The acting CEO of Planned Parenthood said last week in an interview that the “silver lining” of the coronavirus pandemic is that her abortion chain has used telehealth technology to provide drug-induced, at-home abortions.
Alexis McGill Johnson told Democracy Now’s Amy Goodman the fact that many states have attempted to include elective abortions among other procedures that should be temporarily banned to preserve scarce medical equipment for healthcare workers treating coronavirus patients is “unconscionable.”
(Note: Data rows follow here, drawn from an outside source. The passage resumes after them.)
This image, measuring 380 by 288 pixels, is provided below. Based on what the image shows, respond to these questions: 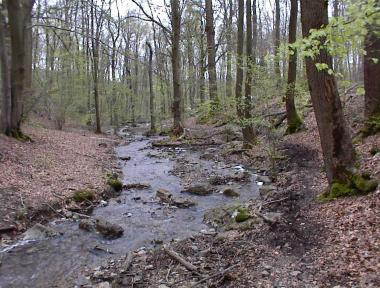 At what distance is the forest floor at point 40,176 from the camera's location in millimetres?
8047

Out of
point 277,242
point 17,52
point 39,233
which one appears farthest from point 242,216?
point 17,52

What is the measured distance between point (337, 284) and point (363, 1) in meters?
3.11

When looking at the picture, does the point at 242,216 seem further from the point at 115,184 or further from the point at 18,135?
the point at 18,135

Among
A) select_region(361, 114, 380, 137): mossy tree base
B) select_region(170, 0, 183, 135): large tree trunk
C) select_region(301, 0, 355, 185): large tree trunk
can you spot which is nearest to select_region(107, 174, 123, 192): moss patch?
select_region(301, 0, 355, 185): large tree trunk

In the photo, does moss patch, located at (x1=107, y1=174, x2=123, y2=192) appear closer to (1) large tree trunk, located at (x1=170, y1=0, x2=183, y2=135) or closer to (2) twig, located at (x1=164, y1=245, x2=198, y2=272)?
(2) twig, located at (x1=164, y1=245, x2=198, y2=272)

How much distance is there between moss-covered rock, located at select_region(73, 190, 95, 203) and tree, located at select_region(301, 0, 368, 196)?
5903 mm

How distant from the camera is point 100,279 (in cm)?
561

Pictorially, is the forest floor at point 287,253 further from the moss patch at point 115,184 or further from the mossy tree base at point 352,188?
the moss patch at point 115,184

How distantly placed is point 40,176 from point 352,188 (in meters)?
7.96

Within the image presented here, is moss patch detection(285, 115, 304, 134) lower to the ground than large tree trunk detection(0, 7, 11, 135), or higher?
lower

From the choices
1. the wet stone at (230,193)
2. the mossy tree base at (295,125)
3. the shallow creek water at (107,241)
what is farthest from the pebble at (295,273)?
the mossy tree base at (295,125)

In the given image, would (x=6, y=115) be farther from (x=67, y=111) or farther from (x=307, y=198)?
(x=67, y=111)

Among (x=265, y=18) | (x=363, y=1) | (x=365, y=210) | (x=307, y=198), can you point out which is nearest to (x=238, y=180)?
(x=307, y=198)

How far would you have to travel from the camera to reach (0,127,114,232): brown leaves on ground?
8.55 meters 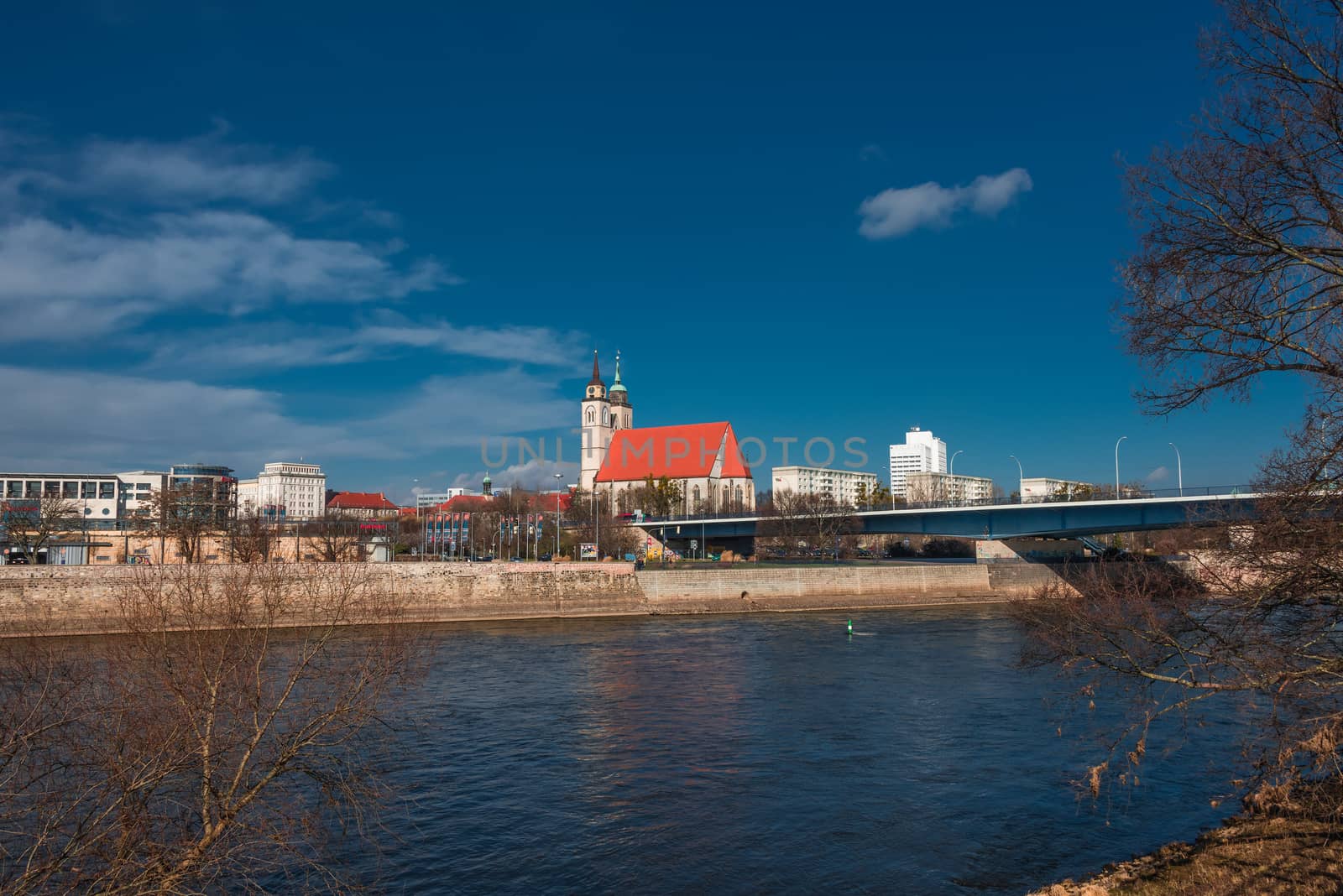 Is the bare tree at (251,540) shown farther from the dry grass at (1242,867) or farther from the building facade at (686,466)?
the building facade at (686,466)

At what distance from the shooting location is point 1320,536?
8516mm

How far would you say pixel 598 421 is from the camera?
6442 inches

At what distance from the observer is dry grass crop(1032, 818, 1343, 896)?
1022 cm

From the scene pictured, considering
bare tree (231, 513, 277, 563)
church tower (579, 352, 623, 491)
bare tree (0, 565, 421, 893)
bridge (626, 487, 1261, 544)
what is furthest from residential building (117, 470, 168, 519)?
bare tree (0, 565, 421, 893)

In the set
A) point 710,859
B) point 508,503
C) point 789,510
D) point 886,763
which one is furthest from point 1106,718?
point 508,503

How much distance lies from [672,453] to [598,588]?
89.5 m

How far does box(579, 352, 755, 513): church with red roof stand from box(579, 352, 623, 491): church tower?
148 millimetres

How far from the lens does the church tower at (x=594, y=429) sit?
163 meters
Johnson said the “silver lining” of the pandemic has been the launch of Planned Parenthood’s new tele-abortion service in which women seeking an abortion have a virtual meeting with an abortion provider and obtain a prescription for abortion-inducing drugs they take at home.
“It is actually a silver lining in this pandemic, that Planned Parenthood and many other health providers have actually been able to really lean into telehealth infrastructure and provide service,” she said:
Planned Parenthood has been touting an increase in at-home abortions since its tele-abortion services began nationwide, though many pro-life advocates have concerns about the practice.
Specifically, mifepristone, one of the drugs used in a medication abortion, is not approved under the Food and Drug Administration’s (FDA) Risk Evaluation and Mitigation Strategy (REMS), but women are obtaining it illegally from overseas.
On Monday, national pro-life leaders sent a letter to FDA Commissioner Dr. Stephen Hahn, urging him to take action to block the illegal Internet sale of abortion-inducing drugs that are produced overseas and then shipped to the United States.
In a press release, the leaders observed that, under REMS, the drug “cannot legally be sold in pharmacies or online due to the risk of serious complications.”
However, websites such as AidAccess and Rablon sell and distribute the drugs regularly.
“This is a medication that definitely has dangers associated with it,” Dr. Christina Francis, an Indiana-based OB/GYN and chairman of the board of the American Association of Pro-Life Obstetricians and Gynecologists (AAPLOG), told EWTN Pro-Life Weekly recently.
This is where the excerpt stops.